The freewheeling Lute Olson debuted Sunday, and if you needed a sign that the upstart Arizona Wildcats were having the times of their lives anticipating tonight’s national championship game against Kentucky, well, Olson’s microphone-hogging performance was it.
“Images--that’s all in somebody else’s mind,” the Arizona coach said, explaining the departure from his well-known perception as a bit of a bore. “If you ask the people that know me, it’s not the stoic thing.
“I guess I should come out and look like [Arizona State Coach] Bill Frieder with my hair messed up and tie loosened, and then probably I’d be a good old boy.”
Instead, Olson savored his first trip to the title game by teasingly suggesting that big men Bennett Davison and A.J. Bramlett would handle the ball-handling duties against Kentucky’s pressure defense; by repeatedly and facetiously urging his players to “be serious, please” during the interview session; by zinging Davison for a rambling answer and by zapping Davison again for his foul trouble Saturday against North Carolina.
“See, Bennett’s smarter than most people,” Olson said. “He wanted to make sure he had really good, fresh legs for tomorrow night. . . . When did you bail out on us, about a minute into the second half?”
Laughter, of course, ensued, which is something the Wildcat players acknowledged was not something they usually experience around Olson.
“If we win, he might not know what to do with himself tomorrow,” junior Miles Simon said. “He was so ecstatic last night after we won, and today you saw he was loose.
“But I’m sure when practice time comes around, the game face will be back on.”
Olson was not all sweetness and light, especially when Arizona’s much-publicized string of first-round tournament losses was brought up, or when he was asked if he would consider his coaching career less than successful if he never won a national title.
“Absolutely not,” Olson said. “Take a look at how many people have won an NCAA title. Take a look at how many of those who have won it [are] in states other than talent-rich areas.

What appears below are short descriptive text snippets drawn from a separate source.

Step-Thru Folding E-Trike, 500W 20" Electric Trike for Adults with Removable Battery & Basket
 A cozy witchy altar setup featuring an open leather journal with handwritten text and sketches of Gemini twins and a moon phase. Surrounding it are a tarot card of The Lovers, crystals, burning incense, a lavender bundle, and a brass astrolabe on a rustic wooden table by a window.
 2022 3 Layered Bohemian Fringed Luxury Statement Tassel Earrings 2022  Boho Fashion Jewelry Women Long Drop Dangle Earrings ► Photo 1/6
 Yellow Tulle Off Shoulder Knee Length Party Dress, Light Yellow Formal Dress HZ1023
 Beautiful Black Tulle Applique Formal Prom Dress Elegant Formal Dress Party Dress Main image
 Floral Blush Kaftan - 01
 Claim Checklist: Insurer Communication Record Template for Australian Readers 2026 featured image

“I feel blessed that we’ve had teams here four times [once with Iowa, three times with Arizona]. I’d love to win the championship. Would it make any difference to me in terms of how I look at my coaching career and how I look at the young people that we’ve worked with? Absolutely not.
“It’s amazing. There are 32 first-round losers, so the players probably have felt pressure from that. They’re going to hear it until they put me in my grave, but it’ll probably happen beyond that too.”
While Olson entertained, his starters tossed paper wads at each other, chuckled at private jokes, rolled their eyes at his answers and generally looked like a team playing on youthful spirit, free of expectation and full of giant-killing.
“I was telling my roommate that if we had beaten UCLA this year, we could have beaten them, Kentucky, Kansas and North Carolina--the top four programs in the nation in one season,” Simon said.
Does it seem strange to be one victory from a national title after having been swept by Pacific 10 rival UCLA?
“It’s not bizarre, because I think we should have won both those games,” Simon said. “We didn’t. But those losses never changed our goals or changed how far we knew we could go.”